The Obama administration released its 2011 budget proposal today, which includes a sweeping overhaul of No Child Left Behind (NCLB). The Bush-era education law was widely criticized as an "unfunded mandate" that punished struggling schools and encouraged districts to slough off poor-performing students.
Details of the overhaul are sketchy, but it seems the primary focus is to change the funding structure and accountability standards.
- Accountability: Under NCLB, all schools were required to meet state-set reading and math standards by 2014; schools that did not make incremental gains toward this goal were classified as "failing" and risked firings and closure. Obama's new plan eliminates this deadline and proposes replacing the math and reading standards with "college- or career-readiness" goals. Instead of being evaluated on a pass/fail basis, the metric for measuring schools' success will be expanded.
- Funding: The administration also proposes to replace an enrollment-based funding approach with one that partially funds schools based on performance. Under the new funding regime, nearly 30 percent of funds would be disbursed on a competitive basis.

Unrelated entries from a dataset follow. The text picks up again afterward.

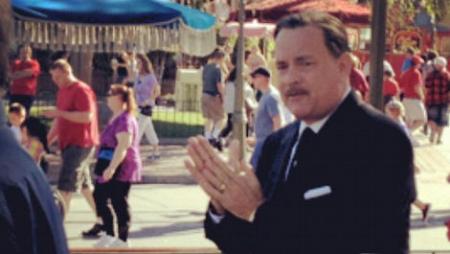 Tom Hanks als Walt Disney in Saving Mr. Banks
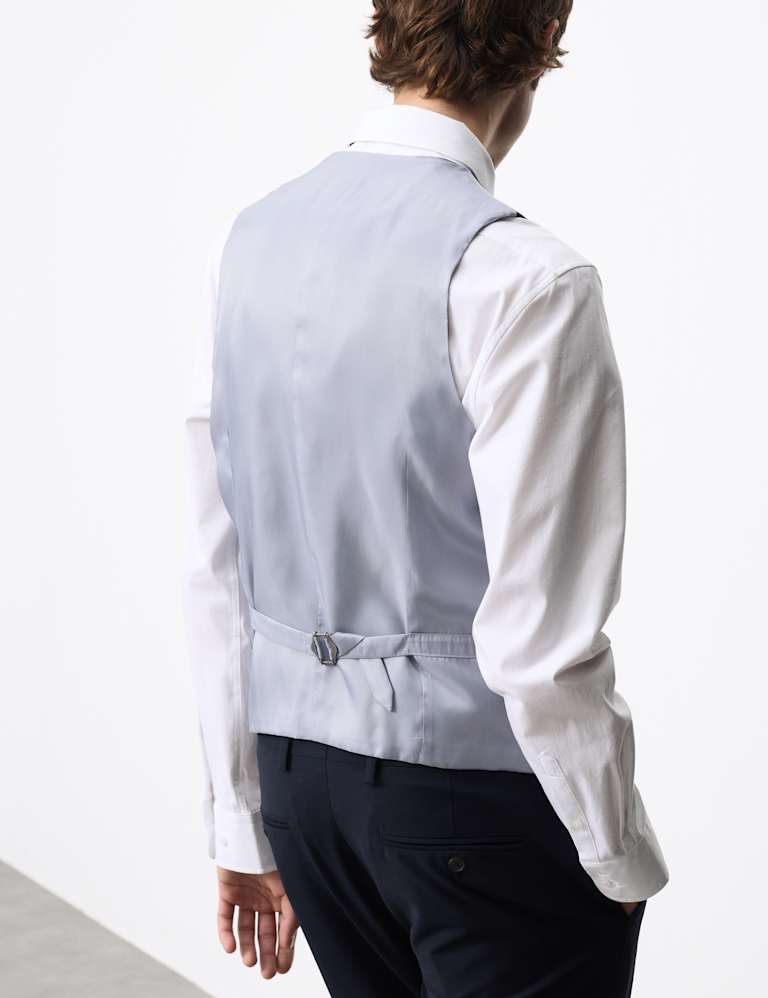 3 Piece Slim Fit Performance Stretch Suit 9 of 9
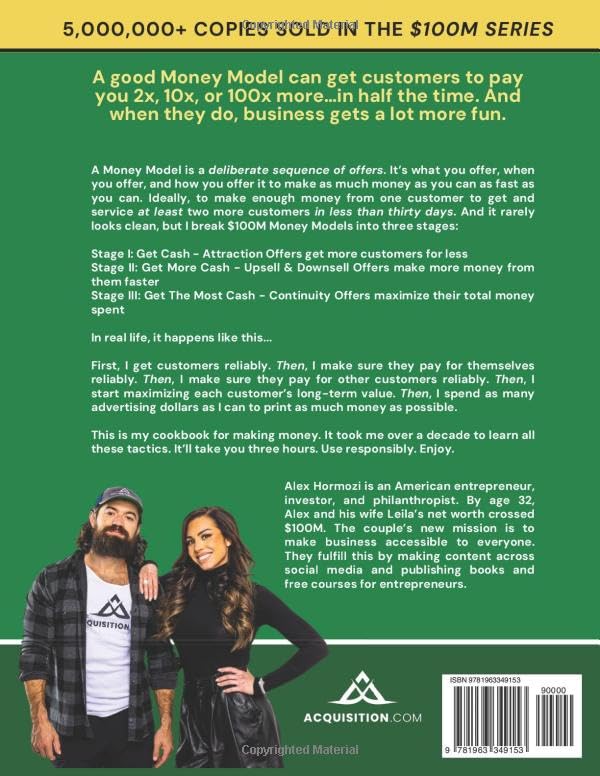 $100M Money Models: How To Make Money (Acquisition.com $100M Series) Flyobi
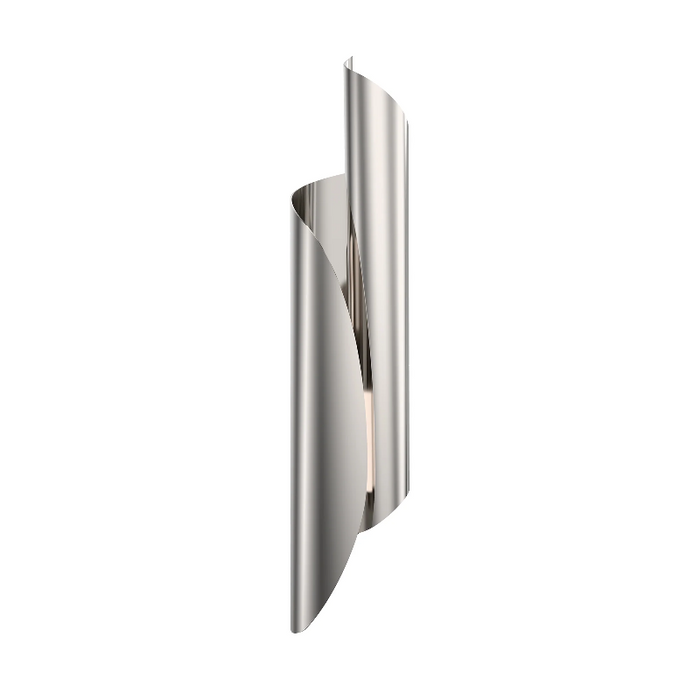 Alora WV319405 Parducci 2-lt 27" Tall Vanity Light - Polished Nickel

Given the plan's vagueness, it's difficult to assess whether the new accountability standards will be an improvement. But the new funding proposal is problematic. Secretary of Education Arne Duncan compared the funding structure to the administration's $5 billion "Race to the Top" initiative, which asks school districts to compete for federal funds with "innovative" proposals for education reform. Jack Jennings, president of the Center on Education Policy, is skeptical:
Right now most federal money goes out in formulas, so schools know how much they'll get, and then use it to provide services for poor children. The department thinks that's become too much of an entitlement. They want to upend that scheme by making states and districts pledge to take actions the administration considers reform, before they get the money.

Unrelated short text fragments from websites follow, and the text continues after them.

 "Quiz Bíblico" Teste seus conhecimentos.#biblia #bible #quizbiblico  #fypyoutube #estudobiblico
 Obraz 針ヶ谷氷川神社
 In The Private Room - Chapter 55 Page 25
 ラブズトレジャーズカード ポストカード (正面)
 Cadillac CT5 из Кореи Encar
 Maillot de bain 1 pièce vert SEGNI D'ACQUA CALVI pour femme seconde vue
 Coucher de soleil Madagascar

I'm wary of applying corporate rules to the K-12 educational establishment, where you reward players who succeed and "innovate" -- and punish those who do not. Reforming public education should mean helping struggling school districts rather than making them compete against better-performing schools for funds to meet basic operating expenses. Underperforming schools will arguably be in the worst position to compete for federal aid; it makes as much sense as asking the unemployed to duke it out over benefits.

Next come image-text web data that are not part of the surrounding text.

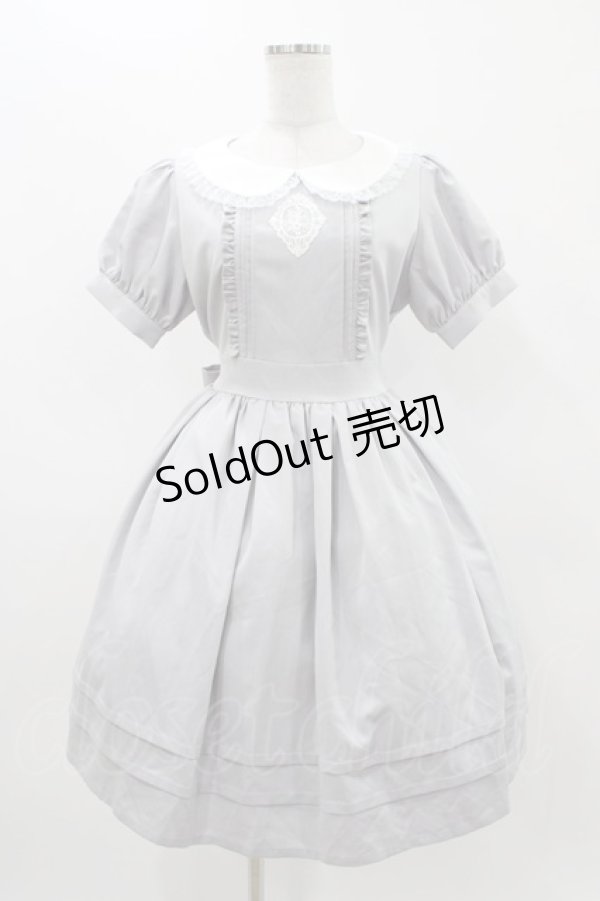 画像1: Ank Rouge / ローズレースワンピース Free グレー H-25-11-16-1013-CA-OP-NS-ZH (1)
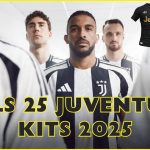 DLS Juventus Kits 2025 FTS Logo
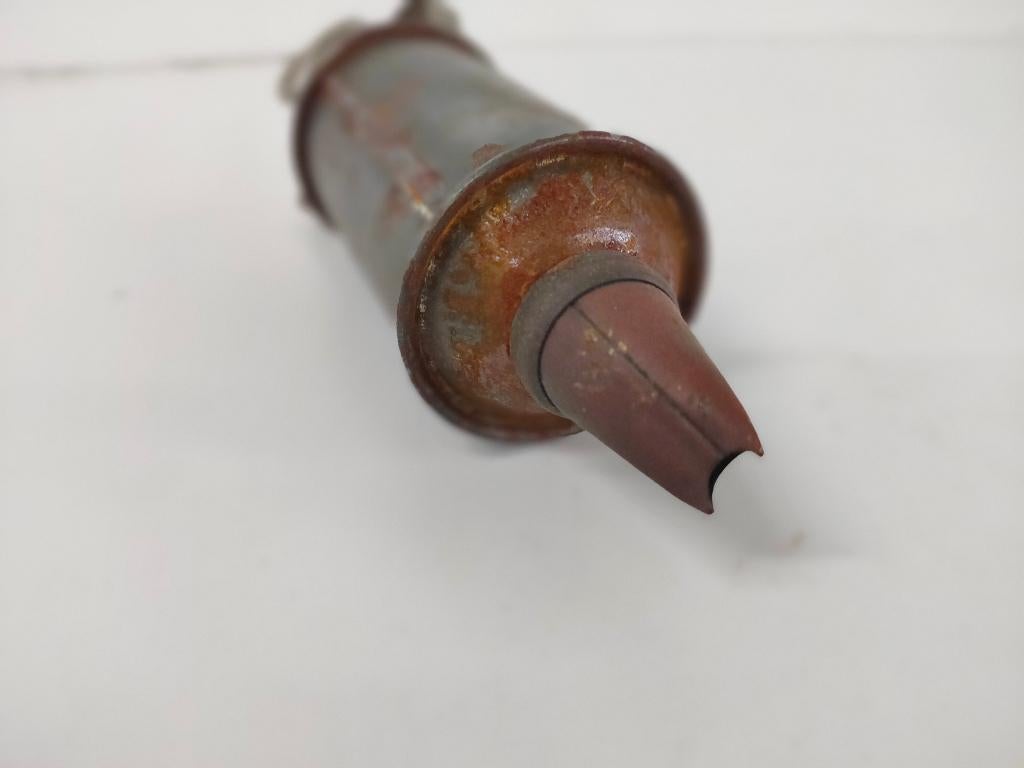 Vintage/antieke Slagroom of Vet Spuit (Outlet De Overkant), Ophalen of Verzenden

The contempt for underperforming schools who feel "entitled" to federal funding mirrors the rhetoric of the welfare debate: Why are we "rewarding" laziness and failure? It assumes that bad schools are bad because their teachers are bad, or they've implemented ineffective policies. But many of these schools are tasked with serving students from the poorest and most crime-ridden areas in the country. How will it help them improve to have their funding cut because they failed to beat another school in the funding race?
Making federal funding contingent on competition also has the same drawbacks as making it contingent on students' test scores: In the same way that schools rigged the system and "taught to the test" under NCLB, school districts will be rewarded not on their ability to educate students but on the ability to write grant proposals.